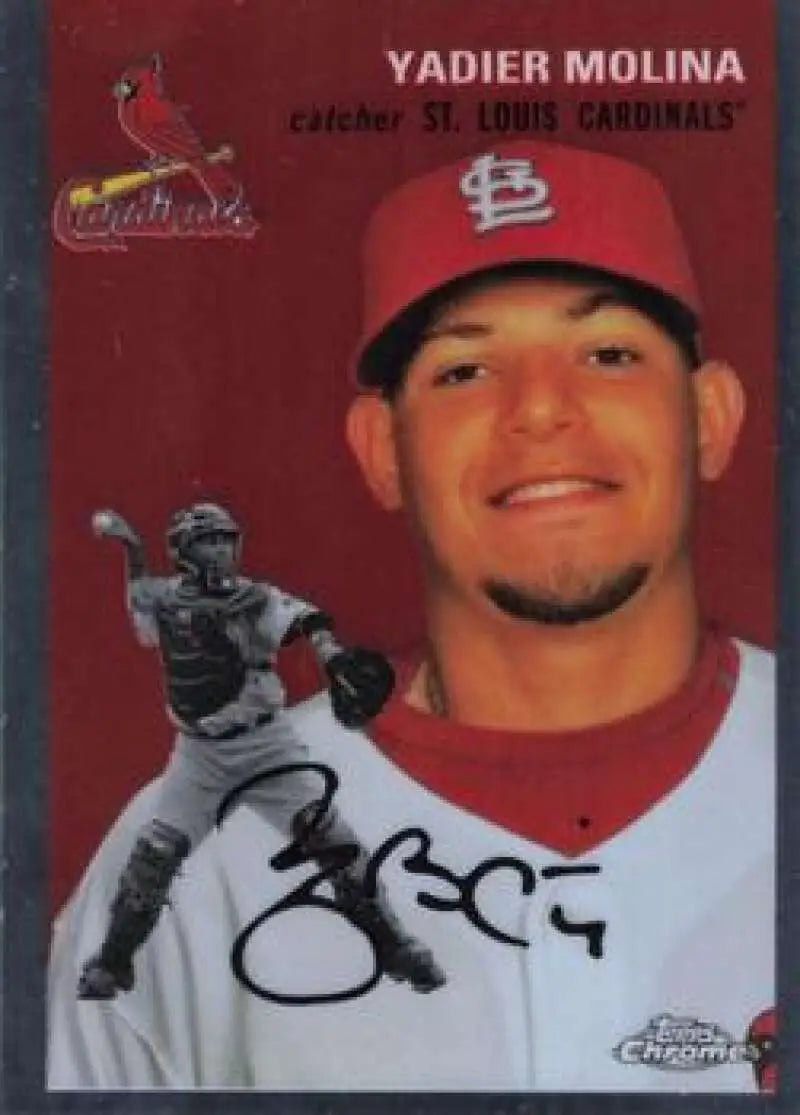 2023 Topps Chrome Platinum Anniversary #499 Yadier Molina EX Excellent St. Louis Cardinals Baseball Card - Baseball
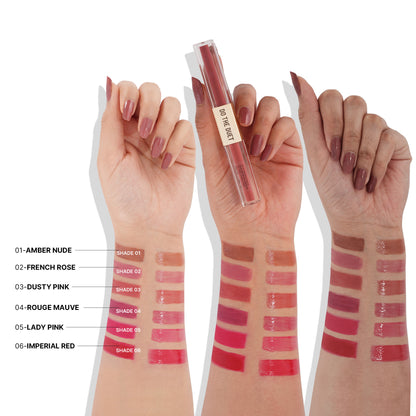 Swiss Beauty Select Do The Duet Lipstick - 5 Lady Pink - Distacart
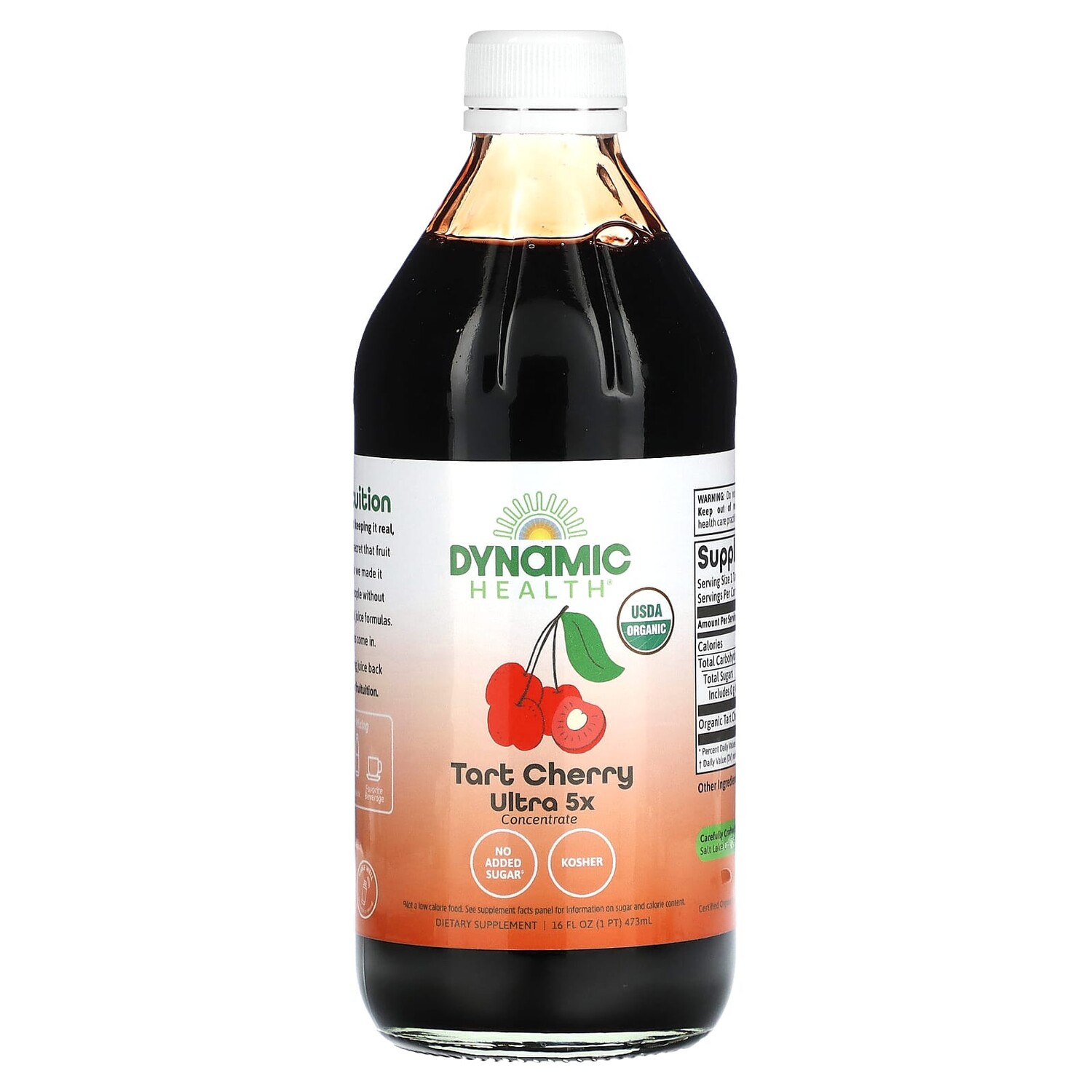 

Once Daily Tart Cherry, Ultra 5X, вишня, 100% концентрированный сок, 473 мл (16 жидк. унций), Dynamic Health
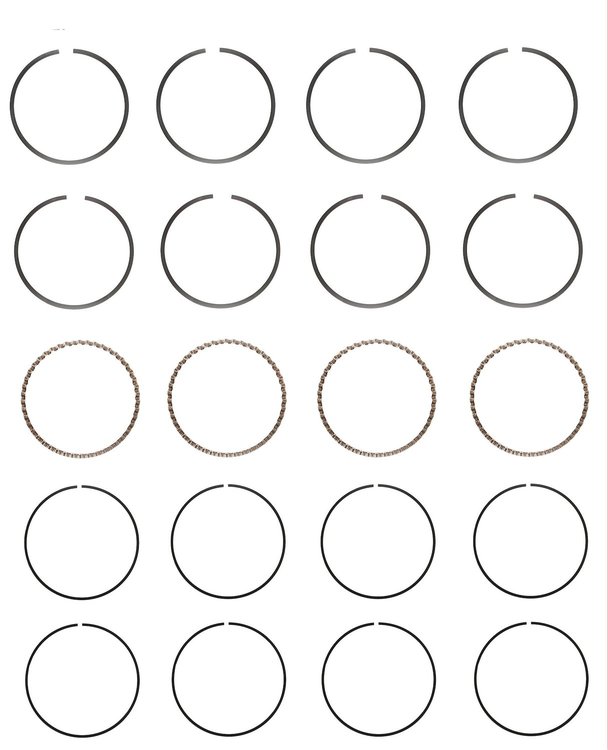 C82714-100 Piston Ring Set for 1986-1989 Honda 2.0L [+0.100 in. Oversize]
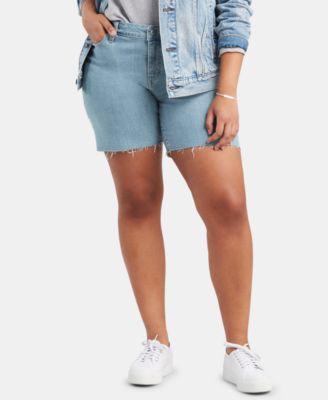 plus size levi shorts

What needs to be done -> Keep each line of the records exactly as it is while transcribing them, but leave the images behind.

Written answer ->
 2023 Topps Chrome Platinum Anniversary #499 Yadier Molina EX Excellent St. Louis Cardinals Baseball Card - Baseball
 Swiss Beauty Select Do The Duet Lipstick - 5 Lady Pink - Distacart

Once Daily Tart Cherry, Ultra 5X, вишня, 100% концентрированный сок, 473 мл (16 жидк. унций), Dynamic Health
 C82714-100 Piston Ring Set for 1986-1989 Honda 2.0L [+0.100 in. Oversize]
 plus size levi shorts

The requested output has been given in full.